If you have applied for permission to appeal at the Upper-tier Tribunal and been refused permission at an oral hearing where it was said there was no error of law, you may be able to appeal to the Court of Appeal. If you were granted permission to appeal at the Upper-tier Tribunal and your case then was then refused in the Upper-tier Tribunal, you may also be able to appeal to the Court of Appeal.
If your case is refused in the Court of Appeal, the highest court in the UK to which you can appeal is the Supreme Court (the highest court used to be the House of Lords).
This is placed at the side of Figure 12 because it may come into different stages of an asylum claim or other immigration application. If you are seeking a judicial review because you believe there has been an error of law in your case, this is normally heard at the Administrative Court of the Queen’s Bench Division, which is part of the High Court (the Upper-tier Tribunal can also, and will increasingly, hear judicial reviews of immigration/asylum cases).
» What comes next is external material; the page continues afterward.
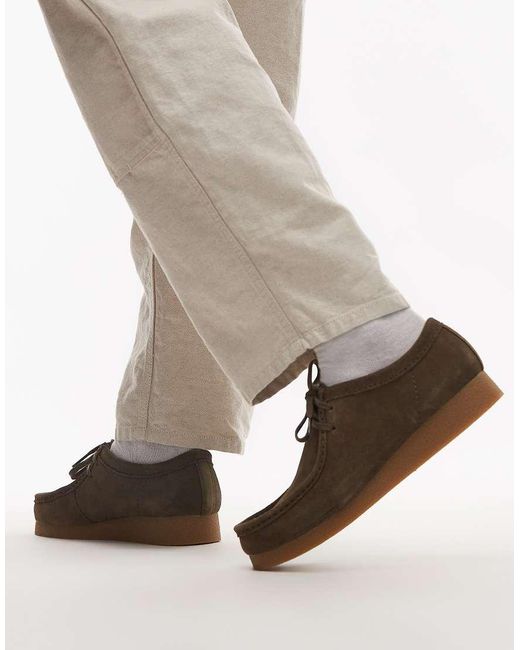 Wallabe Evo di Clarks in Natural da Uomo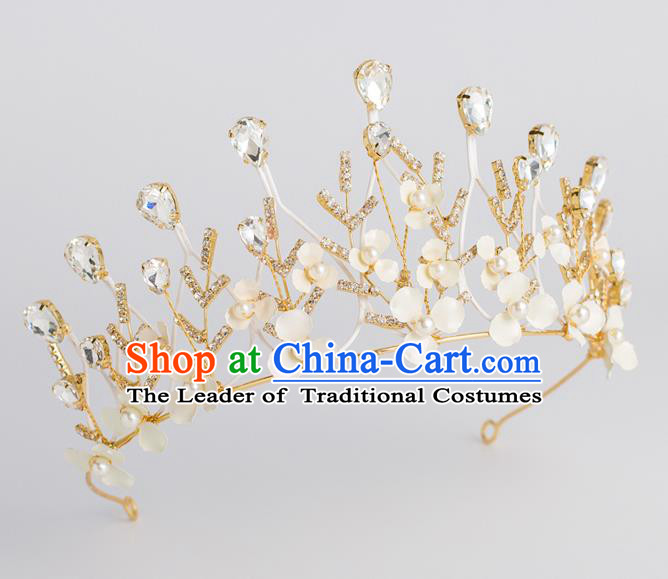 Baroque Princess Golden Royal Crown Bride Classical Hair Accessories Wedding Crystal Imperial Crown for Women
A judicial review is a form of court proceeding in which a judge reviews the lawfulness of a decision or action made by a public body (in asylum and immigration, usually the Home Office). A judicial review can challenge the way a decision has been made, if you believe it was illegal, irrational, or unfair. It is not really about whether the decision was ‘right’, but whether the law has been correctly applied and the right procedures have been followed. The court will not substitute what it thinks is the ‘correct’ decision. If you are successful in your judicial review, the case will normally go back to the Home Office, or the court found to have made an error of law. They may be able to make the same decision again, but this time make the decision following the proper process or considering all relevant caselaw or evidence reasonably.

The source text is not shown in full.